To reflect that, we needed a system to make that action flow smoothly. We wanted quick and light, but still just as deadly and tactical as previous editions.
Working on combat was a mixed bag of headaches and joyful epiphanies. Every option we tweaked got its own playthrough run. It meant a ton of dice-tossing, because we couldn’t change two things that affected each other at the same time. There were times in a four-hour sitdown where my group saw four different rule tweaks. When all was said and done, they all loved the final result because it meant faster combat resolution for future games—and they knew the result finally would stay the same, instead of being changed week to week, or even combat to combat!

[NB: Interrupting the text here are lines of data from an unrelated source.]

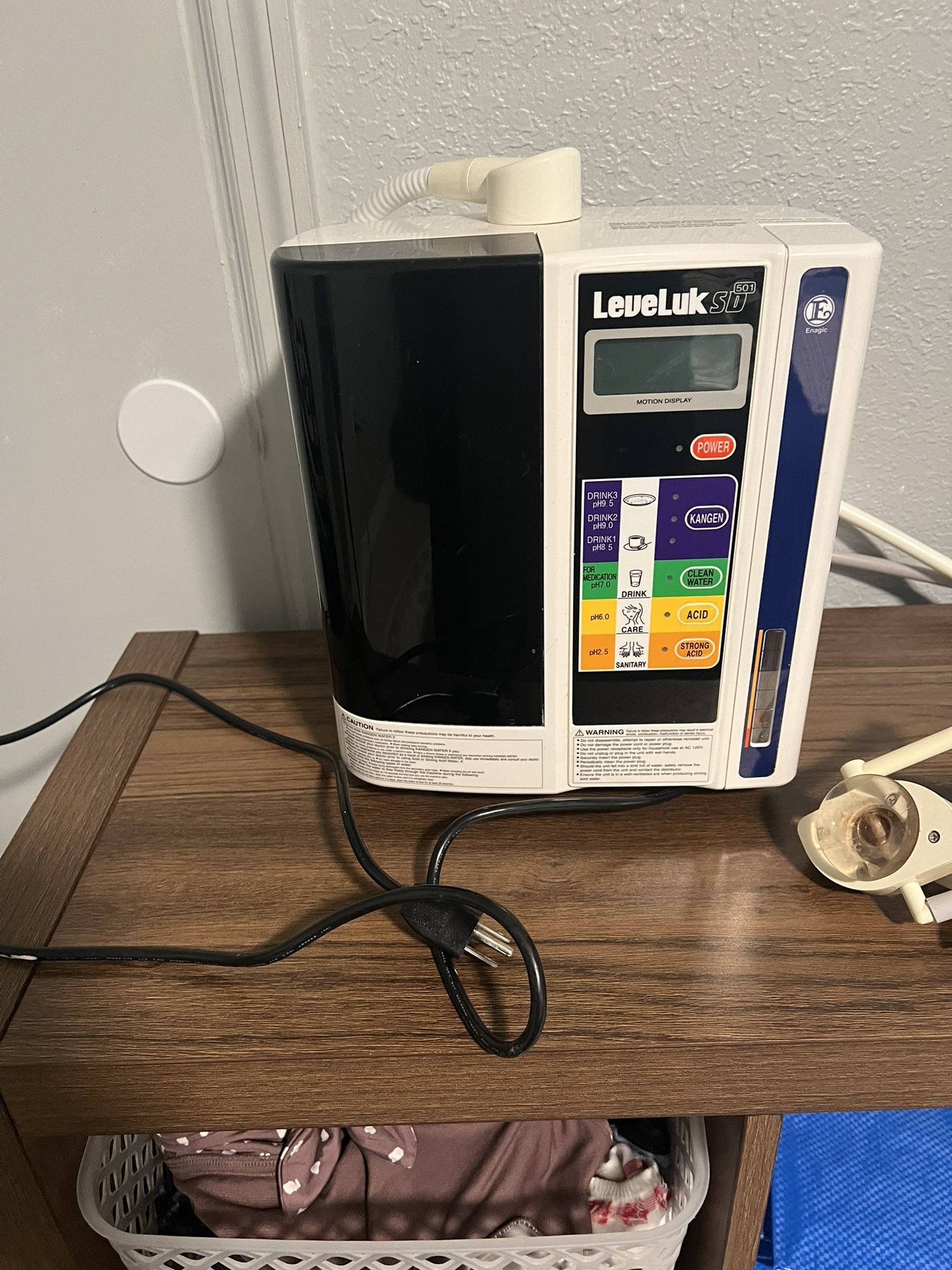 Leveluk SD501 Kangen Water Machine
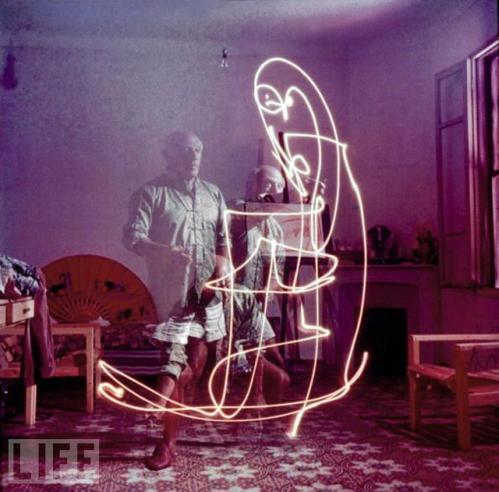 picasso light drawings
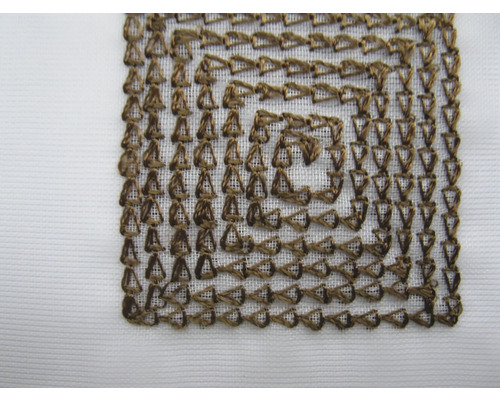 Quadratisches Stickmuster auf Stoff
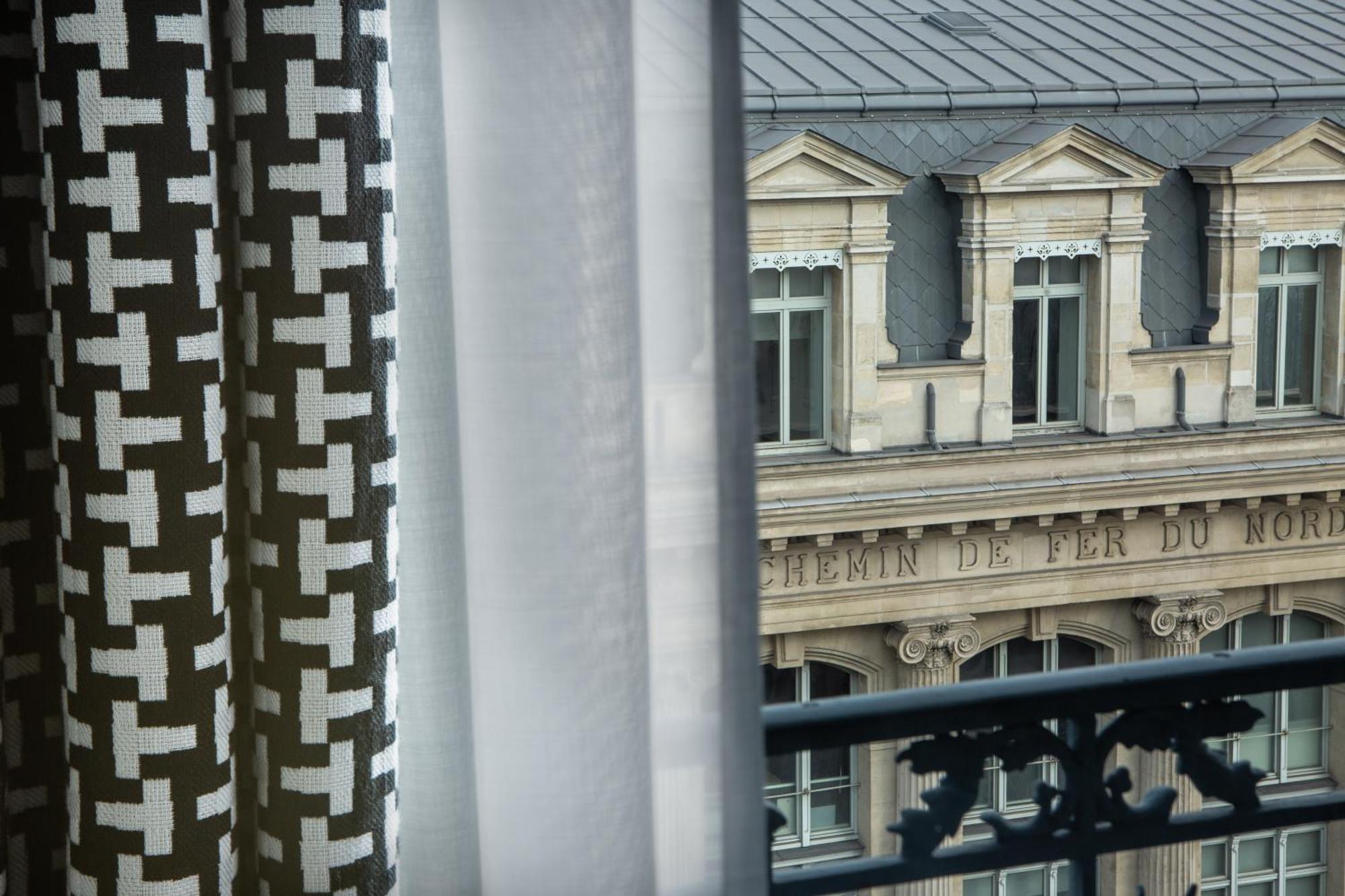 Hotel Flanelles Paris Exterior photo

To get to this final beauty, the team came together to start looking at what makes the action in Shadowrun awesome, while also examining what bogged things down at the table. First and foremost were the complexity of rolls being made. One of the easiest things to streamline was the series of shoot, dodge, soak, but let’s talk about what “easy” means to us in a Shadowrun context.
We looked at stripping it down to two rolls, one for each side, but found too many other aspects disappeared and that left too little flexibility. Then we started tweaking each roll on its own to see where the biggest slowdowns occurred. It’s easy to do math and figure probability, but to bring a stopwatch to the game and start timing rolls and Combat Turns IRL was a greater challenge than we originally thought. Especially since we needed to introduce new and old players alike to get a wider array of experience and see how the rules played out with new players and veterans alike.
In the end, things were chopped in a lot of different areas. We fiddled and found that the more cross comparisons you had to make (i.e., Armor and AP) the more time it took. We trimmed and merged and got ourselves our two primary combat stats: Attack Rating and Defense Rating.
Attack Rating became a merged up stat to cover, armor penetration, accuracy, recoil compensation, and just the general quality and design of the weapon all rolled into one. We spread it across the range categories to highlight whether a weapon is good up close or better at a distance, allowing for weapon variety without a ton of complexity.
Defense Rating was a bit more straightforward, with armor and body merging to show just how tough of a nut the character is to crack.
Compare the two and you get a real simple system of determining who had an advantage and who gets an Edge.
Edge is in fact the new place for most of those modifiers because another big slowdown in combat came with modifiers. Add for the smartlink, subtract for the lighting (or wait, no, we’ve got low light!), check for glare, wind, local dragon farts … if there was a modifier, it had to be accounted for. Now sure, some GMs just said “frag it,” but we wanted everyone sitting at every table to know what they were coming into with a system smooth enough for everyone to use. All those modifiers went to the wayside and we got it down to brass tacks. Who’s got the Edge on who? If we’re shooting and dodging in the same rainstorm, no one really has an advantage, so why toss modifiers on both sides that just shift dice pools in the same way?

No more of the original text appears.